The following is my algorithm for finding bottle-neck path by sub-ranges searching. Actually I just want to get the smallest set that containing the widest path from s to t.
In the algorithm, searching is for the subset that contains path from s to t. The steps make sure the smallest edge in the result subset belongs to the widest path from s to t.
Suppose variables as the following.
$m$ -- the number of total edges.
$E_i$ -- the set which does not contain path from s to t at the $i_{th}$, while for all edges in $E_i$, the weight is bigger than or equal to the maximum minimum-weight edge in all s-t paths. $E_0$ is empty.
$T_i$ -- the set which is a sub-range that contain the maximum minimum-weight edge. We need to partition it into sub-ranges.
$k_i$ -- the number of sub-ranges at the $i_{th}$ recursion. It’s calculated out in Step 1.
Steps.
Step 1 - If $Size(T_i) = 1$ then the algorithm stops. Else $k_i = f(Size(T_i))$.
$f(Size(T_i))$ is a function whose argument is $Size(T_i)$. I am not sure what it should be.
Step 2 - Partition $T_i$ into $k_i$ descending sub-ranges. We use $R_j$ to stand for the $j_{th}$ sub-range whose weight of edges are only smaller than the ones in $j-1$ sub-ranges before it.
Partition is done by Fibonacci Heap. We don't need edges in one sub-set keep in order.
Step 3 - Let $Total = E_i$.
Step 4 - Repeat.
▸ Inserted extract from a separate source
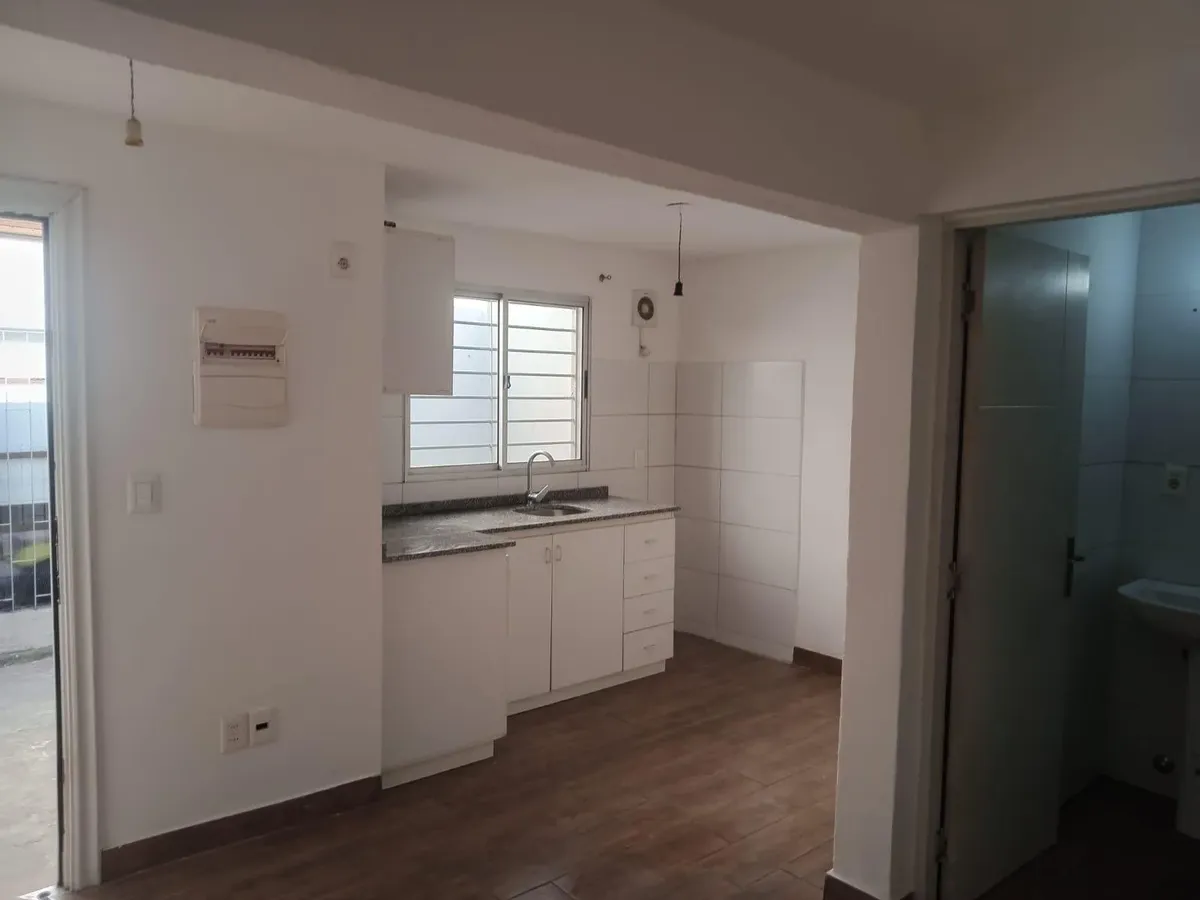 Alquiler Casa 2 Dormitorios Maroñas, Curva · Foto 4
Get sub-range $R_j$ from $k_i$ sub-ranges in descending order. ($k_i$ times at most)
- $Total = Total + R_j$
If there is a path from s to t in $Total$(its cost is $O(m)$),
we know that $Total$ contains the biggest minimum-weight edge.
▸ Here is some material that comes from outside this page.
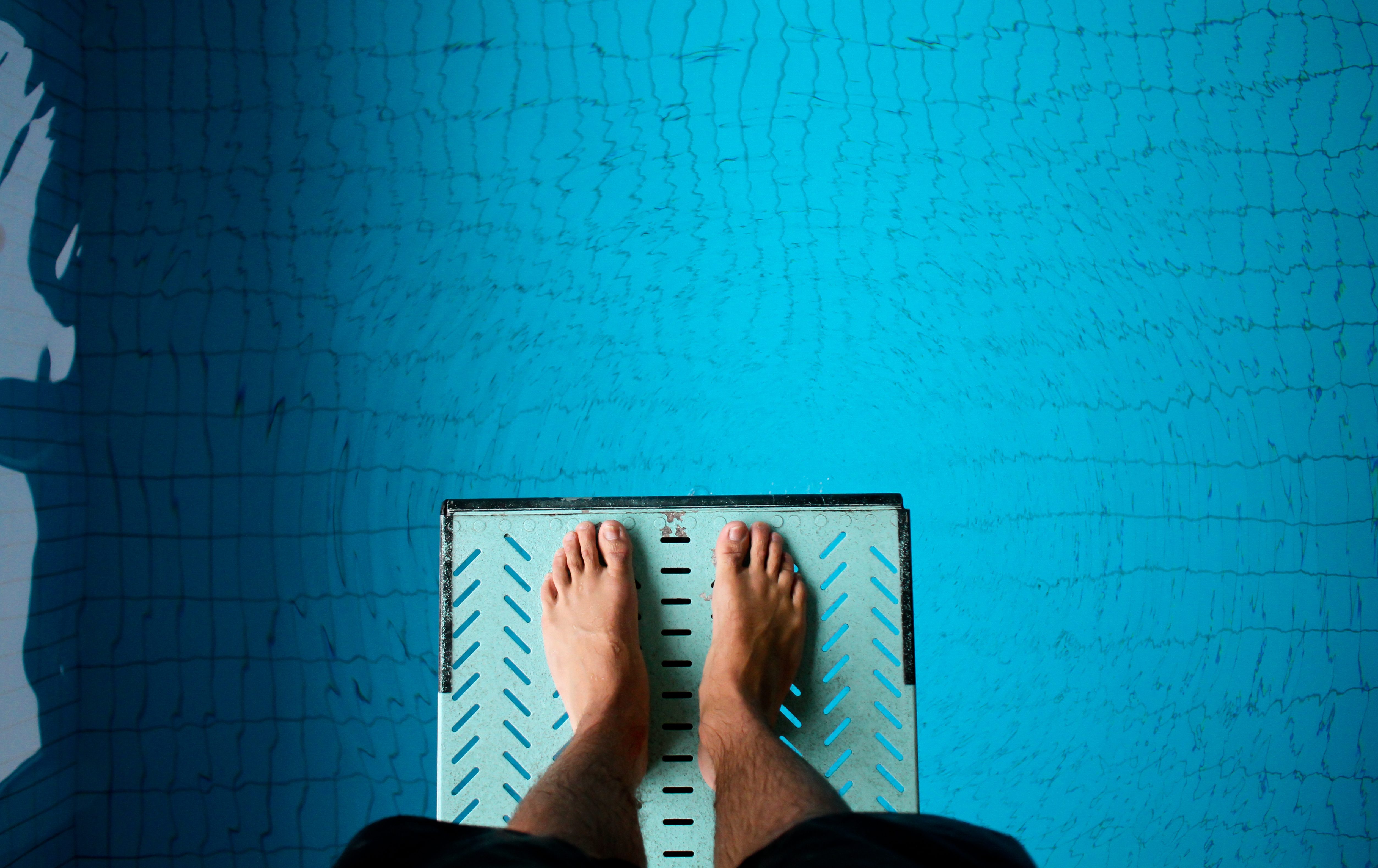 Red Flags a Public Pool Is Too Dirty for Swimming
- $E_{i+1} = Total - R_j$.
$T_{i+1} = R_j$.
In the next recursion, $R_j$ is partitioned to find a smaller set which containing the maximum minimum-weight edge.
Go to Step 1.
Recursively increase $E_i$, and decrease $T_i$ and $k_i$. Until the $Size(T_i) = 1$.
After the algorithm stops, we get the target set $E_{i_{max}}$ containing all the edges which are bigger than or equal to the maximum minimum-weight edge. So the widest path from s to t is in $E_{i-{max}}$.
If set $f(Size(T_i)) = Size(T_i)/2$, on average, the final recursion time will be $i_{max} = log_2 m$.
My question is that there should be a better $f(Size(T_i))$, what is it? And how to figure it out?